Led's? Dang its been a while since I been giggin. Back then it was pvc, pie pans, a 12v big bulb, lamp cord and vasoline! Guess I am gettin old!


----------



## shanester (May 20, 2008)

get the starfires from academy. then go to radio shack and get the replacment 100 watt bulbs for them. if your wading this is all you need there super bright with the 100 watt bulbs in them. i like them cause there not very expensive around 20 dollars for the lights and about 5 for the bulbs. they allready have the cords aligator clips and fuses on them. all you need after that is a battery, you dont need a deepcycle either. there to heavy when wading. i havent tried a lawn mower battery yet but im going to. lawn mower battery, backpack to carry it in and the gig and your set. and you wont be out a ton of money if you dont like them. good luck


----------



## boatnbob (May 31, 2009)

*Starfire source and tips on fab'n your light stick!*

Walmart has the Starfires for $13.65 or so. Also, Walmart sells the 100w bulbs behind the counter under lock and key. I bought two and looked them up after paying 6.95 for one and ordered 10 off of ebay for $8 shipped to the house. If you want to go ahead and order the bulbs, cross reference the Prism JC100 12V100W halogen light. #107004. You need the correct bi pin separation. I think it is a 6.35 separation. 

I would love to try the led's, but being a DIY'r, the price is too steep. I fabricated four of the starfires into a light setup for the boat.
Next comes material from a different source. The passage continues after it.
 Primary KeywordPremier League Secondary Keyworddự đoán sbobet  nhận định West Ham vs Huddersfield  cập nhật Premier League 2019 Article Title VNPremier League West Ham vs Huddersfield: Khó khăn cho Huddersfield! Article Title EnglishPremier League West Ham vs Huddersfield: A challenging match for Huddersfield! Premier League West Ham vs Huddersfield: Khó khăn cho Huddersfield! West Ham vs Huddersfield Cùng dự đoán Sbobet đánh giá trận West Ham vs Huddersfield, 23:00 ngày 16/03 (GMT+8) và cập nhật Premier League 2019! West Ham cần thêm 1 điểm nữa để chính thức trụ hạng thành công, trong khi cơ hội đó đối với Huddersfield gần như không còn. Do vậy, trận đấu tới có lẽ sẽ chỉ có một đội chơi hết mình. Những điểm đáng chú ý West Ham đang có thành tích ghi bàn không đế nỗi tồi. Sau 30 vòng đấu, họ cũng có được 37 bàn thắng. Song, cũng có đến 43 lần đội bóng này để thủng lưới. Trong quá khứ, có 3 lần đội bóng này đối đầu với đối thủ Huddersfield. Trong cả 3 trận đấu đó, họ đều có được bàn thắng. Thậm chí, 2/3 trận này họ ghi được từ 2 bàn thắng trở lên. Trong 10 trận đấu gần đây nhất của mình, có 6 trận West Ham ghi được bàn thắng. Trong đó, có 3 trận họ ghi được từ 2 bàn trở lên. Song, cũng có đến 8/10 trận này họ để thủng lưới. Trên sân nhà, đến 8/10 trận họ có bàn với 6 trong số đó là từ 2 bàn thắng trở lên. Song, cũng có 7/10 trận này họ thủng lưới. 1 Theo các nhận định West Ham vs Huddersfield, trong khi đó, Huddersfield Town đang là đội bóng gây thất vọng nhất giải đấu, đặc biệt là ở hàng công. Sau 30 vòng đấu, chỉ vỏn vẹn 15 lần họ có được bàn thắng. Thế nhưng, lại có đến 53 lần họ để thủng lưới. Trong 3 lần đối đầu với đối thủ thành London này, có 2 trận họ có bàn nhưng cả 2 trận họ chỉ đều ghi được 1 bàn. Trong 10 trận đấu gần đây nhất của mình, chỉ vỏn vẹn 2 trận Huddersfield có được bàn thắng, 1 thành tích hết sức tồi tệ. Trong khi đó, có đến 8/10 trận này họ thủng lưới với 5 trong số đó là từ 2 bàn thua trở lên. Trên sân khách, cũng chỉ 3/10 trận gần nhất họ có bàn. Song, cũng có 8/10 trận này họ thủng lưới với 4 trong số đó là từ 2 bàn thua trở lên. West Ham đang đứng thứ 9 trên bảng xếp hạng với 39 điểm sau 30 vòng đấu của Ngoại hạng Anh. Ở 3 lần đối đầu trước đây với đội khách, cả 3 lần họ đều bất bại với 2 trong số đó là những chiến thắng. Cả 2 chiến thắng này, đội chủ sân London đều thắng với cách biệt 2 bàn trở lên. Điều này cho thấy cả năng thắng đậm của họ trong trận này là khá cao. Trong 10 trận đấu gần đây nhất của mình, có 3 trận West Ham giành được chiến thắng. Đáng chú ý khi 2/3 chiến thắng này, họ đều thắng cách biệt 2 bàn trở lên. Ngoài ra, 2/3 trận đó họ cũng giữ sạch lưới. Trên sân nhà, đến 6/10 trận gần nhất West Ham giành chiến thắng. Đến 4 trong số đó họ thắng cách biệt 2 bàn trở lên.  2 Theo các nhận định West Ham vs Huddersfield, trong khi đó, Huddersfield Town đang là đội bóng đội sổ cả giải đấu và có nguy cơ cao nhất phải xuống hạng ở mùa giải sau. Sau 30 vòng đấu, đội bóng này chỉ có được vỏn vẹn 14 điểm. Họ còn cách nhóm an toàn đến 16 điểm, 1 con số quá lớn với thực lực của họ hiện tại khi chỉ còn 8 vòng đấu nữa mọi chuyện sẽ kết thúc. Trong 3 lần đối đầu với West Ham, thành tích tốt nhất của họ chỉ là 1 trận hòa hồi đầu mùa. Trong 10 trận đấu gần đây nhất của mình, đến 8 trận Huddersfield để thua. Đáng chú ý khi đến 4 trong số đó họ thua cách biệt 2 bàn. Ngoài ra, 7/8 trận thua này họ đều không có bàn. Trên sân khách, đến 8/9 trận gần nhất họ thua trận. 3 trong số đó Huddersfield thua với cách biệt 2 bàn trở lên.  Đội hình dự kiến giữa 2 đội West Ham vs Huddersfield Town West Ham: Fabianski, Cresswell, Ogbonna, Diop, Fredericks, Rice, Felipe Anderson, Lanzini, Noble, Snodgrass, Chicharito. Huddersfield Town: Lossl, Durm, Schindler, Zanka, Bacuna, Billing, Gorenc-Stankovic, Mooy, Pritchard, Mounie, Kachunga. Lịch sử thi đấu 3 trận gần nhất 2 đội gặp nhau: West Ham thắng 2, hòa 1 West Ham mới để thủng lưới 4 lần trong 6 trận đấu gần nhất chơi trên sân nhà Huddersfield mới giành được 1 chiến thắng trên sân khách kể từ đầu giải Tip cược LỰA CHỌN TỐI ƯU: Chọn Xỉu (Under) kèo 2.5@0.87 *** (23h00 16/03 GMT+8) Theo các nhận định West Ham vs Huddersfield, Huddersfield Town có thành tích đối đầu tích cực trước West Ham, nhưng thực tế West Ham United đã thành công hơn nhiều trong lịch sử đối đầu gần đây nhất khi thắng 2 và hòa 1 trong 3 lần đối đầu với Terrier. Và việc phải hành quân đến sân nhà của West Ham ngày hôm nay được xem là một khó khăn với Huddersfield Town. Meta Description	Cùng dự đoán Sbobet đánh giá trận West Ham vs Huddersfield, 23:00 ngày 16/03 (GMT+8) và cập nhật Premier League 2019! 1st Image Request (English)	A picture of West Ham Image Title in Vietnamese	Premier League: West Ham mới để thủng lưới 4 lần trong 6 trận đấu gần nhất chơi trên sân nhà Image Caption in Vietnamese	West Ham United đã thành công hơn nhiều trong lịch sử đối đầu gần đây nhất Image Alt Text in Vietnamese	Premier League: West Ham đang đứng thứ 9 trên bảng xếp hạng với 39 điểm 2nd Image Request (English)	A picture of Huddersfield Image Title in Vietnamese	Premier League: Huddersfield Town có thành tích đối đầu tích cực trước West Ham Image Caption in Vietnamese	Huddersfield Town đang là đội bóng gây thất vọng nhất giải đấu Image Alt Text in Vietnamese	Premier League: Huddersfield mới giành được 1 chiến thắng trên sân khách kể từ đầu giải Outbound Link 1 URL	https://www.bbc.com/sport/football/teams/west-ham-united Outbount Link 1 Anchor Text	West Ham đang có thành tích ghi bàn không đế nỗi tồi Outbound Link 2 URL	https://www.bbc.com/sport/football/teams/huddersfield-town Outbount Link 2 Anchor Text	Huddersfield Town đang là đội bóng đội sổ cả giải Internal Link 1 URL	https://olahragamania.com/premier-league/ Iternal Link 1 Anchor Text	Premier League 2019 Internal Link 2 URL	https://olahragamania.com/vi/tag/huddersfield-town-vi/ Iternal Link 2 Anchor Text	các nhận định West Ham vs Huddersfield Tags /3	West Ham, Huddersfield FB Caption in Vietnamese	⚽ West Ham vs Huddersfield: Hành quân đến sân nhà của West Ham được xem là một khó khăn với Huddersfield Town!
Took her out tonight for a couple of hours to check out the new setup. Worked pretty well. 

If you are making a light stick for your gigging, use 1" schedule 40 PVC for the Starfire. Wrap a few pieces of teflon tape around the base to seal it up. I cut a notch the length of the bulb out of the PVC that I slide the starfire into to act as a glare shield. I used A/C aluminum tape for a reflective back. Run the wire up through the PVC to wherever you want to attach the battery. To eliminate joints..., take a heat gun, slide the pipe into a larger metal tube or square tubing and have the heat gun blowing through the bigger pipe. Have a wet towel to handle the hot PVC pipe and bend it to your desire shape. Works great! The end of the PVC pipe closest to the heat source will flare out and warp, but just cut it off and it will clean up. I used a spare fitting to shove the warped piece into to get the correct diameter back.

Hope this helps.

Cheers,

Bob


----------